• YOUR INSTRUCTIONS
Set down exactly, from the records below, the line with "Kabeer Ahmad's profile photo" through the line with "Pensacola, FL 32514", and nothing else.

• PROVIDED RECORDS
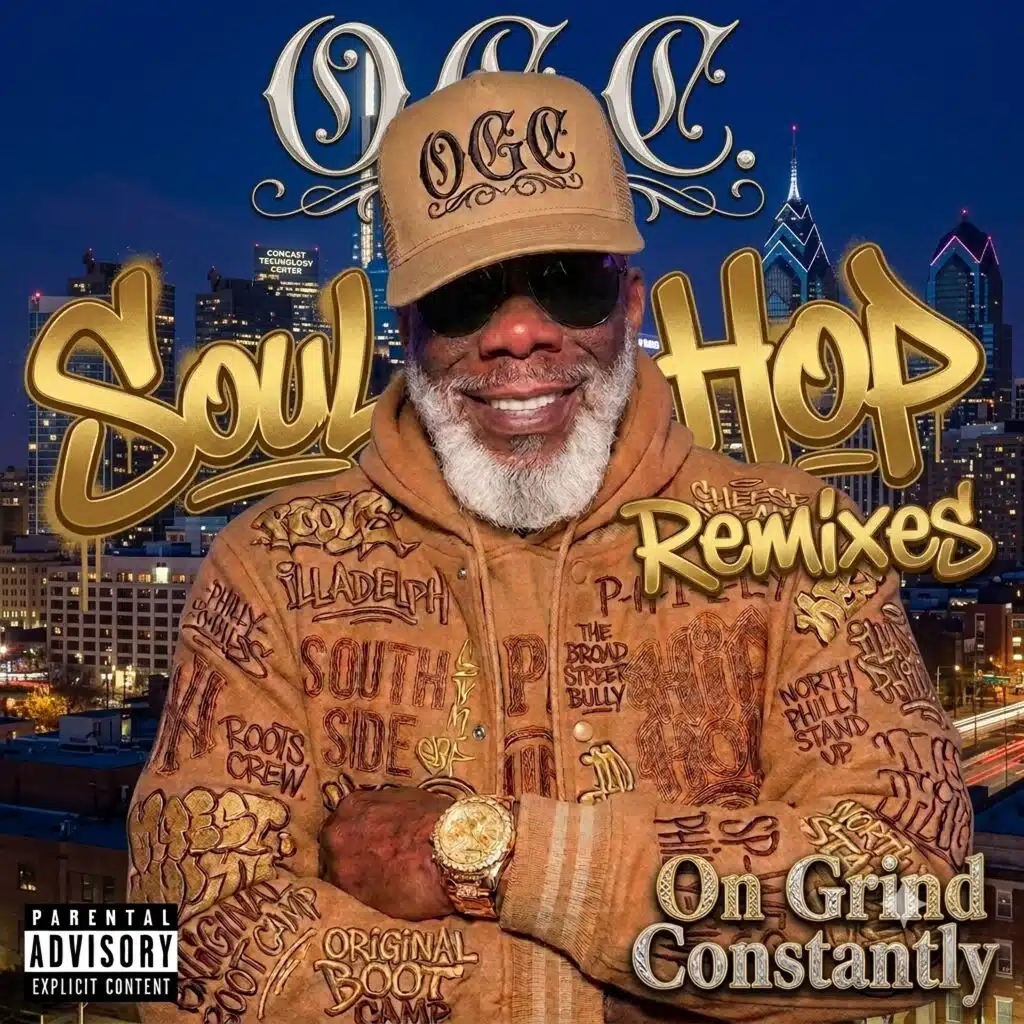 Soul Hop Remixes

...

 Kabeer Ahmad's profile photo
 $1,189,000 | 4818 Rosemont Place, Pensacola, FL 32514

• EXERCISE ANSWER
 Kabeer Ahmad's profile photo
 $1,189,000 | 4818 Rosemont Place, Pensacola, FL 32514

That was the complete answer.